Fortunately, Chinese consumers have great tolerance and recognition of new brands in the market. This phenomenon has made WM Motor determined not to enter Europe first, made the two founders of Byton choose to start their business in China, and enabled NIO, with its ES8+ product that still needs improvement, to obtain recognition from the majority of its users thanks to its outstanding service.
According to Li Bin’s statement during the NIO Q3 financial report meeting, after delivering 5,300 ES8s, NIO still has approximately 10,000 early orders remaining (including about 8,000-9,000 Founder’s Edition orders).

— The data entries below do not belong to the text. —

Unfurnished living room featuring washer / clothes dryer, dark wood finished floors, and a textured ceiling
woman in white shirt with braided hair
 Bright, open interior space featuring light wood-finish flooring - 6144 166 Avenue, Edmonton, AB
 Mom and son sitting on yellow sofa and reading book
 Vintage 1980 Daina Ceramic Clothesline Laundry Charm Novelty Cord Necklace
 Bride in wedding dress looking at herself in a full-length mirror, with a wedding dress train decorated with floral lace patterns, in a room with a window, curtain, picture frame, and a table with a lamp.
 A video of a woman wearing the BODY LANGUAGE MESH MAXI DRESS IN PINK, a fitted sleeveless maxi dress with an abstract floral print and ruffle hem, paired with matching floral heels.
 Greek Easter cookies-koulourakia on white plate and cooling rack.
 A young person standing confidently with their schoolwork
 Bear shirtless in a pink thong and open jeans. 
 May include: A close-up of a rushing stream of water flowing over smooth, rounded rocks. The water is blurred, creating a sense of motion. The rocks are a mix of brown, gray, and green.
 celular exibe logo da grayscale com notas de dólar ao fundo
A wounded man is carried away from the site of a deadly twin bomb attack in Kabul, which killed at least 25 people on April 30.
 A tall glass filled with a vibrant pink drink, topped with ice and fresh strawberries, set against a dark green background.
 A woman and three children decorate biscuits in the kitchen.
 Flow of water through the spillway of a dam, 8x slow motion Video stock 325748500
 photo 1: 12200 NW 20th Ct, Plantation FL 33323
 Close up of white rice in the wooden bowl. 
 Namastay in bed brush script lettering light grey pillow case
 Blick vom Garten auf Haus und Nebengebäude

Judging from this data, NIO has been successful. There is a widely circulated doubt that the vehicles of new car companies are only bought by “insiders,” but considering that NIO’s employee scale is less than 8,000, and even if suppliers and investors are added, the scale of over 15,000 orders finally makes us cautiously believe that NIO has begun to attract peripheral users.
Tesla CEO Elon Musk’s first sentence in almost every quarterly financial report meeting is to thank the users. It is their firm support that has helped Tesla to come this far. During the Model 3 launch event, a group of Tesla old car owners were invited to witness the launch. At the end of the event, Elon specially thanked the old car owners: “Thank you for buying the Model S and Model X. With your support, we can start developing and producing Model 3.”
This sentence also applies to NIO, as NIO is also familiar with the Tesla way. On NIO Day 2018 on December 15, NIO reserved 5,000 tickets for ES8 owners, which is half the total number of seats in the venue. If the 10,000th ES8 is not delivered smoothly, the launch of ES6 will not proceed as quickly on this year’s NIO Day.
ES8 is a decent intelligent electric vehicle, but it has its shortcomings. We look forward to seeing if ES6 can make up for the shortcomings of ES8.